Frode fiscale da 71 milioni, scattano i sequestri anche in provincia di Prato – Video
La guardia di finanza nella sede della Acca di Seano, oggetto la scorsa settimana di un attentato incendiario
PRATO. I finanzieri dei Comandi provinciali di Roma e Firenze, su delega della Procura Europea, hanno eseguito oggi, 6 marzo, un decreto di sequestro preventivo, emesso dal giudice per le indagini preliminari di Firenze, finalizzato alla confisca, anche per equivalente, di beni per oltre 71 milioni di euro.
In provincia di Prato una delle società coinvolte è la Acca di Seano, l’azienda di logistica cinese oggetto di un attentato incendiario a metà febbraio nell’ambito della cosiddetta “guerra della logistica”. Stamattina i finanzieri hanno fatto accesso nella sede in via Copernico, nella zona artigianale di Bocca di Stella, e hanno sequestrato documentazione. In provincia di Prato sono coinvolte altre quattro società gestite da imprenditori cinesi.

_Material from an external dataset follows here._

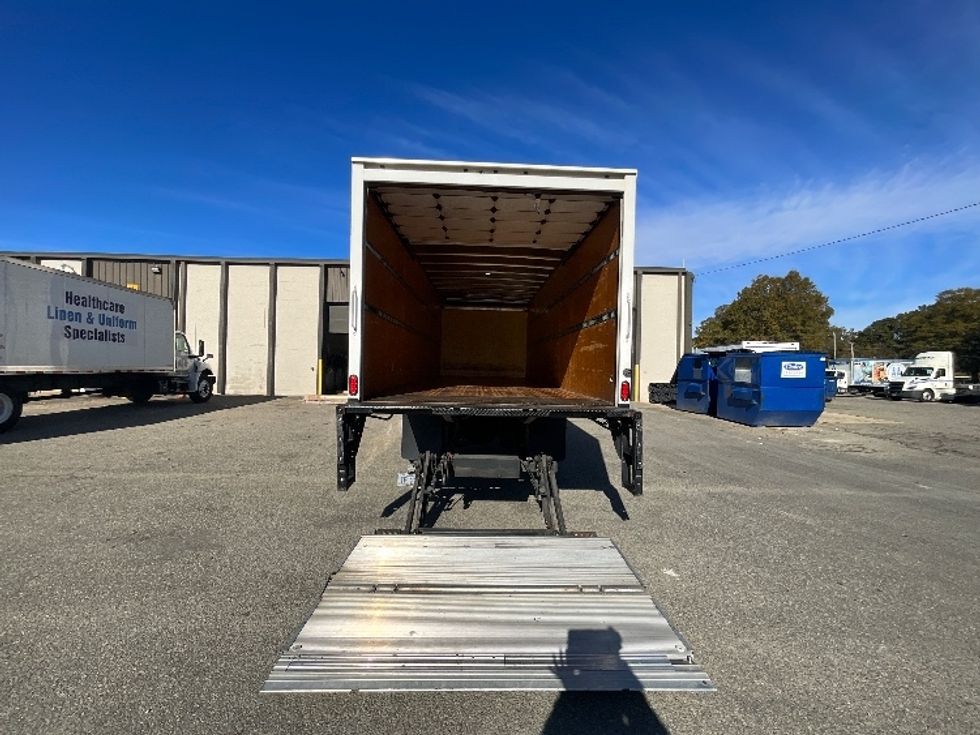 Medium Duty Box Truck-Light and Medium Duty Trucks-International-2022-MV607-Prince George-VA-242,817\n\t\tmiles-$ 42,750 - Image 9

Il provvedimento riguarda i beni nella disponibilità di 17 persone fisiche (13 di origine cinese e 4 italiana), indagate a vario titolo per le ipotesi di reato di associazione per delinquere finalizzata alla commissione di numerosi reati tributari e all’abusiva attività finanziaria. L’importo oggetto di sequestro è corrispondente all’imposta sul valore aggiunto che sarebbe stata evasa dall’associazione attraverso 29 soggetti economici (con sedi nelle province di Firenze, Prato e Roma) utilizzate per commettere un’ampia frode fiscale nell’importazione di beni dalla Cina.
Il sequestro rappresenta l’epilogo delle investigazioni, dirette dalla Procura Europea capitolina ed eseguite dal Nucleo di polizia economico-finanziaria di Roma e dal 2° Nucleo Operativo Metropolitano di Firenze, dalle quali, spiega la Finanza, è emerso un progetto criminoso orchestrato principalmente da imprenditori di origine cinese perfettamente integrati nel tessuto economico e sociale italiano.
Al vertice della struttura figurava una coppia di coniugi cinesi che, attraverso numerose società e professionisti compiacenti, riusciva a introdurre sul mercato italiano beni di provenienza cinese (capi di abbigliamento, calzature, borse ed accessori vari) immessi in libera pratica in altri Stati membri dell’Unione Europea, in completa evasione
dell’Iva. Il meccanismo di frode si basava sull’abuso del del cosiddetto “regime doganale 42”, che consente l’immissione in libera pratica in uno Stato della Ue, senza il pagamento dei dazi doganali e dell’Iva, dei beni destinati a essere consumati in un altro Stato membro. In concreto, come ricostruito anche attraverso canali di cooperazione attivati dalla Procura Europea in 9 diversi Stati membri, la merce cinese veniva “sdoganata” principalmente in Bulgaria, Ungheria o Grecia, e poi trasferita direttamente negli hub logistici ubicati in Italia, per la successiva commercializzazione. Dal punto di vista documentale, la merce subiva invece varie cessioni intracomunitarie tra operatori fittizi, accompagnate da fatture per operazioni inesistenti.
Al fine di evitare controlli da parte dell’Amministrazione finanziaria e doganale, le società coinvolte terminavano il loro ciclo vitale in un lasso di tempo molto breve (circa 2 anni), per essere poi sostituite da altri soggetti economici appositamente creati dal sodalizio per proseguire lo schema di frode.
Le attività di indagine hanno, altresì, fatto emergere come l’associazione criminale, sostituendosi agli ordinari canali di intermediazione finanziaria, offrisse alla comunità cinese stabilmente residente nel territorio nazionale, servizi occulti di trasferimento di denaro in madrepatria, previa richiesta di una percentuale sull’importo oggetto di transazione.